What US-Listed Chinese Businesses Might Benefit Investors Long-Term?

Recently, US-listed Chinese companies have seen a massive slump since the 2008 financial crisis. The NASDAQ Golden Dragon China ($HXC) has dropped from 20,500 in Feb 2021 to only 10,400. In the last five months, around $770 billion have been wiped off from the market value of US-listed Chinese public companies.

Many new restrictions such as anti-monopoly policy, Alibaba’s ($BABA) $2.8 billion fine, and the requirement for Tencent to relinquish exclusive music licensing rights major record labels globally, has affected those companies stock prices negatively. The latest blow came from new Chinese regulations on private tutoring businesses. This new regulation does not allow those companies to go public for financing, and foreign capital could not invest in those institutions.

When Alibaba went public in the U.S., we’ve got many questions about whether Alibaba is a good stock to purchase. Although Alibaba is a great business, what we had always been concerned about is corporate governance. Most US-listed Chinese companies has gone public with the Variable Interest Entity (VIE) structure. With this structure, investors do not own a piece of the listed businesses.
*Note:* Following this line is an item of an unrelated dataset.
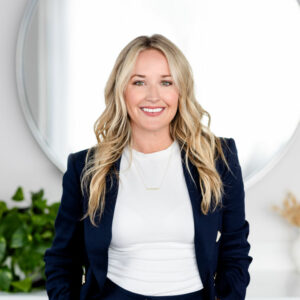 Shelby Carlson, COO and Co-Founder of AdCellerant
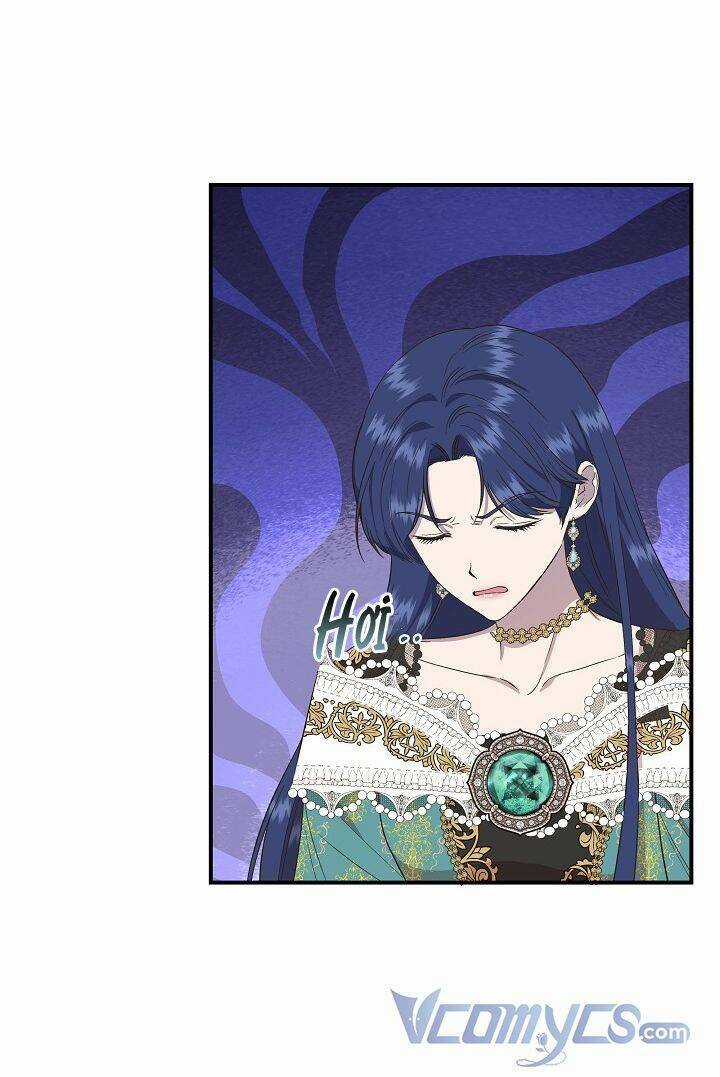 Tôi Không Phải Là Cinderella Chapter 67 trang 10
This structure works as follows: The Chinese companies create a Cayman Islands company, which has complex legal agreements with the Chinese companies on the mainland. What foreign investors buy are the Cayman companies. Although it is still a potential risk for investors, this structure has been existing for years and it seems everybody is okay with that.
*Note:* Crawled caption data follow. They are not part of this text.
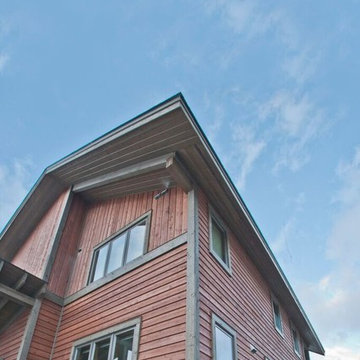 Brecan Homes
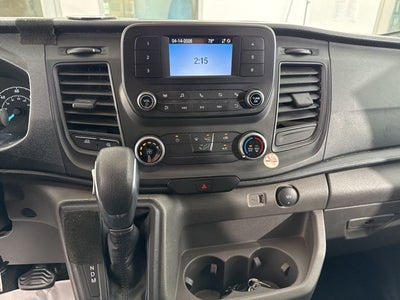 2023 Ford Transit-250 Base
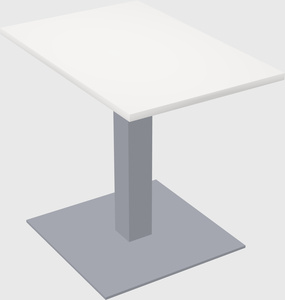 Table/bureau modulaire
Many investors have wondered if they would like to purchase US-listed Chinese stocks, what would be the best to purchase. Here is our quick summary of several big boys including Alibaba, Tencent ($TCEHY), Pinduoduo ($PDD), and JD ($JD), so we can choose the best ones.

  1. $PDD: 100% sales growth, unprofitable, negative EBITDA, trading at 5x forward EV/Sales.
  2. $BABA: 40% sales growth, 12.5% operating margin, trading at 3.5x forward sales and 26x forward EV/EBIT, ROC: 7% – 12%. (Past 5 yrs)
  3. $TCEH.Y: 28% sales growth, 26% operating margin, 6x EV/Sales & 20x EV/EBIT, ROC : 12%- 18%.
  4. $JD: 30% sales growth, 1.2% operating margins, 0.6x sales & 56x EBIT, ROC 4%.

By looking at these numbers, Tencent seems to be standing out. Although Tencent has the lowest growth among the three (but still 28% growth), it is the most profitable, highest operating margin and trading at the lowest EBIT multiples. Moreover, Tencent has the highest return on capital among those four companies. If investors prefer growth, Pinduoduo, with the highest sales growth, is the company which investors should look deeper into. In this post, we will look at Tencent.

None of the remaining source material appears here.